Ce vendredi matin, le cours de l’action Altice était en très légère hausse à l’ouverture de la Bourse d’Amsterdam, puis baissait de nouveau en fin de matinée. Les marchés ont accueilli sans enthousiasme le grand ménage effectué dans la hiérarchie de l’entreprise de télécoms (propriétaire de Libération). Après avoir vu son titre plonger de 34% en une semaine, une chute d’une rare intensité, l’actionnaire de la boîte, Patrick Drahi, a offert aux places financières la tête du patron opérationnel, Michel Combes, finalement débarqué après plusieurs semaines de rumeurs. Cette décision est la conséquence des mauvais résultats de sa filiale française, SFR (nous vous en parlions ici il y a un mois), confirmés par sa dernière publication financière. Le départ de Combes, qui intervient deux mois après celui de Michel Paulin, son ancien bras droit à SFR, entraîne un grand jeu de chaises musicales au sommet de la multinationale, où l’instabilité semble être devenue la règle depuis trois ans.

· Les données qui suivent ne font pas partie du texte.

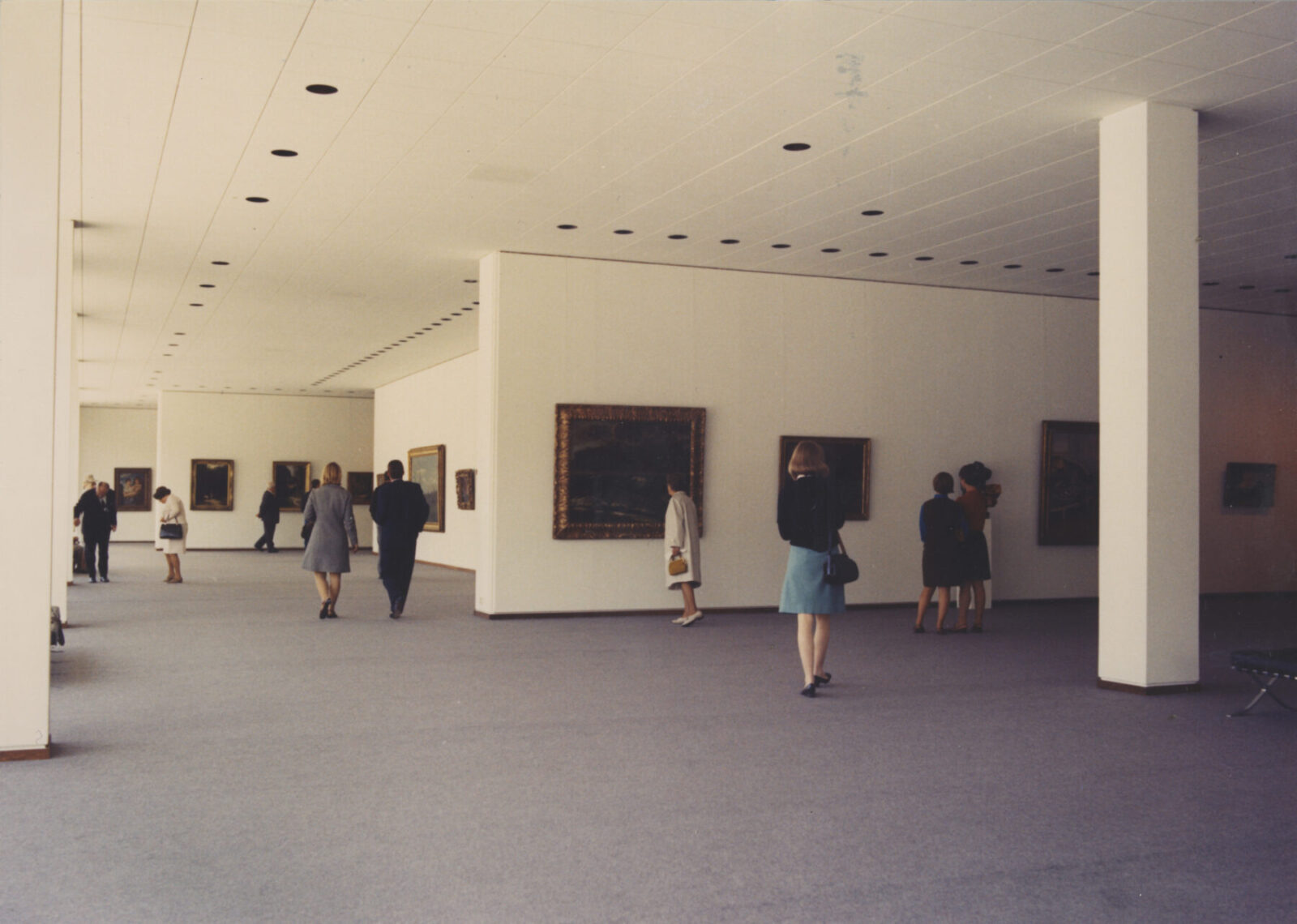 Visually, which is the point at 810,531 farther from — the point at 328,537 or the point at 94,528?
the point at 94,528

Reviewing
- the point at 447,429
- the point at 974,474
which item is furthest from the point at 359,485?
the point at 974,474

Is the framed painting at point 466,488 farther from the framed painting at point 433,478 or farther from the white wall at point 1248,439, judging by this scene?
the white wall at point 1248,439

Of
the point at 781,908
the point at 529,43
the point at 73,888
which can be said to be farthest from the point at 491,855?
the point at 529,43

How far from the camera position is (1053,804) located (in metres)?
5.57

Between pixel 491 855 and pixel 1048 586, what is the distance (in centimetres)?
1329

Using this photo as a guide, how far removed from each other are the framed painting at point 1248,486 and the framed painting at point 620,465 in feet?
27.7

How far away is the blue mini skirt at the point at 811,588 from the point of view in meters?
8.37

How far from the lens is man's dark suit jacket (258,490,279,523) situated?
100ft

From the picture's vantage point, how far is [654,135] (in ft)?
31.8

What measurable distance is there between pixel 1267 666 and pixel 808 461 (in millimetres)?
3312

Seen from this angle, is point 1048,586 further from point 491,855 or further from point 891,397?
point 491,855

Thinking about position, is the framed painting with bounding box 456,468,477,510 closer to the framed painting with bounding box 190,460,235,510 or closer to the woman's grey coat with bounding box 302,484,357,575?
the woman's grey coat with bounding box 302,484,357,575

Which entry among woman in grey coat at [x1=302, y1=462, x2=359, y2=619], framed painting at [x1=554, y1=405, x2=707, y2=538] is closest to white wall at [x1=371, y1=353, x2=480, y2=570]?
woman in grey coat at [x1=302, y1=462, x2=359, y2=619]

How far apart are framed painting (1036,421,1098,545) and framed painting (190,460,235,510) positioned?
23682 millimetres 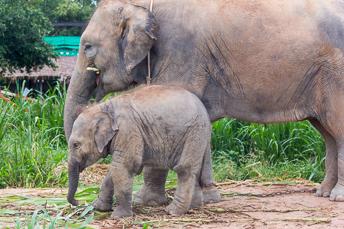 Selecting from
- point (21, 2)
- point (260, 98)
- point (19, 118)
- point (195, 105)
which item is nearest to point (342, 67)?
point (260, 98)

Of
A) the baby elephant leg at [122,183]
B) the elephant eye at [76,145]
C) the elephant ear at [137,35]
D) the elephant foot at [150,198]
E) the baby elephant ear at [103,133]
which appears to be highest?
the elephant ear at [137,35]

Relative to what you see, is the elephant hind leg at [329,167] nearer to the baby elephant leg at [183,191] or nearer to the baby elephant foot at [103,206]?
the baby elephant leg at [183,191]

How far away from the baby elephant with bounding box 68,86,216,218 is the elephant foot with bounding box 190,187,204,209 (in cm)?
23

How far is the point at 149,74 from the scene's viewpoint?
5922 millimetres

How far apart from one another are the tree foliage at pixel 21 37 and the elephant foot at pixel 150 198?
36.6ft

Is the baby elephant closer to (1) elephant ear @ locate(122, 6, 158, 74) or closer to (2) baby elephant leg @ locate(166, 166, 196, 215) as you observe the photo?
(2) baby elephant leg @ locate(166, 166, 196, 215)

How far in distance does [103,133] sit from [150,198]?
2.73ft

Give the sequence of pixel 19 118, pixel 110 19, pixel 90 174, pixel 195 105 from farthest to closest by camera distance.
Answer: pixel 19 118, pixel 90 174, pixel 110 19, pixel 195 105

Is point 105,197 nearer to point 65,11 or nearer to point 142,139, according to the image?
point 142,139

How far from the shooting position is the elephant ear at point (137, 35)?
18.9 ft

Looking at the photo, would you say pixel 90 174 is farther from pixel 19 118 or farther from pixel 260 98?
pixel 260 98

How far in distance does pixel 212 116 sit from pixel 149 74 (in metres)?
0.55

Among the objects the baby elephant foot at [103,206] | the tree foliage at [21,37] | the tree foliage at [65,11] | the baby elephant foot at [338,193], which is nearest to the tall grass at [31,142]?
the baby elephant foot at [103,206]

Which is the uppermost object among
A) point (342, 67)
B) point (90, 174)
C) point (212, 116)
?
point (342, 67) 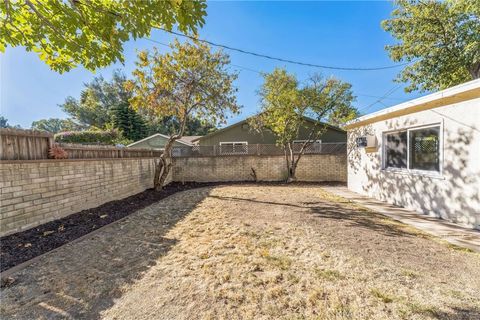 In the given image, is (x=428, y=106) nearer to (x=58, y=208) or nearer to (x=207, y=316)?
(x=207, y=316)

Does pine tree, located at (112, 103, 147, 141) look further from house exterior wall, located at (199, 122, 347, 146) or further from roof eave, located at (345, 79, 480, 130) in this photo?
roof eave, located at (345, 79, 480, 130)

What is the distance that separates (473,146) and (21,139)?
331 inches

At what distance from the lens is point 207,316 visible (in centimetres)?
187

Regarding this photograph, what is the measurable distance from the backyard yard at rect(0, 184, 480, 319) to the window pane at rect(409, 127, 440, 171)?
190 centimetres

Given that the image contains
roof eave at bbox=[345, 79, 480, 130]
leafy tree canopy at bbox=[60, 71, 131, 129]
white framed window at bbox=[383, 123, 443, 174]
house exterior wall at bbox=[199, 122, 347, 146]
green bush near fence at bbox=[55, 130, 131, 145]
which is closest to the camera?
roof eave at bbox=[345, 79, 480, 130]

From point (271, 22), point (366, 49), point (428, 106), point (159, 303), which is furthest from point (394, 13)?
point (159, 303)

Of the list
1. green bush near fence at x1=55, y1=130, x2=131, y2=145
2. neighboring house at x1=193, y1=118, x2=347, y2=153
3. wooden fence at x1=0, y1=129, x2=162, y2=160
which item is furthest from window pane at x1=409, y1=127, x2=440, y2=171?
green bush near fence at x1=55, y1=130, x2=131, y2=145

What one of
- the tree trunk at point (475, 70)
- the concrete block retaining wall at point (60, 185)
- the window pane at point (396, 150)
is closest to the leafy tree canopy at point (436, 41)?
the tree trunk at point (475, 70)

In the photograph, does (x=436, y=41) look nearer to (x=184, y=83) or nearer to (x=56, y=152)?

Le premier mouvement est le retour de Drahi lui-même aux commandes : l’homme d’affaires, qui n’a pourtant jamais cessé d’être le big boss en coulisses, redevient officiellement président du conseil d’administration d’Altice. Il «définira la feuille de route stratégique, opérationnelle, commerciale et technologique et veillera à son exécution, en particulier à SFR», assure l’entreprise dans un message au fort accent de communication de crise. «C’est clair, décrypte un haut cadre. L’objectif est de montrer une amélioration rapide des résultats marketing et commerciaux.» A ses côtés, Drahi aura pour directeur général l’Américain Dexter Goei, ex-banquier d’affaires bien connu à Wall Street, à Altice depuis 2009. Chargé des activités de la société aux Etats-Unis, ce dernier s’est distingué ces derniers mois par sa capacité à les transformer en machine à cash, jusqu’à faire 45% de marge opérationnelle. Nommé à la tête d'«Altice Europe», le directeur financier du groupe, Dennis Okhuijsen, hérite également d’une nouvelle casquette.

Stratégie de «convergence»

La montée en puissance de ce trio, aux profils très financiers, est censée rassurer les marchés. Cette vaste réorganisation passe aussi par la sortie de l’ombre de l’associé historique et ami intime de Drahi, Armando Pereira, qui devient directeur des activités télécoms d’Altice au niveau mondial. L’homme est réputé pour être un manager implacable. L’entreprise parle d’un «retour à l’organisation de base qui a fait le succès d’Altice» et ajoute que «tous ces leaders sont des actionnaires significatifs d’Altice». Façon de dire que c’est aussi leur bonne fortune personnelle qui est en jeu, donc que la performance de la boîte est d’autant moins prise à la légère… Enfin, le patron-actionnaire de BFMTV et RMC, Alain Weill, en passe de céder le contrôle de son groupe NextRadioTV à Drahi, devient PDG de SFR. Une promotion inattendue pour cet homme de radio et de télévision n’ayant jamais œuvré dans les télécoms. Lui dont les relations avec Combes étaient plutôt fraîches a réussi à faire son trou dans l’empire Drahi, au sein duquel il supervise les médias. Altice suit une stratégie de «convergence» entre les réseaux et les contenus, rachetant des droits sportifs et créant des chaînes de cinéma et de séries. Malgré la réorganisation, «cette stratégie ne change pas», assure-t-on en haut lieu. La montée en grade de Weill en témoigne.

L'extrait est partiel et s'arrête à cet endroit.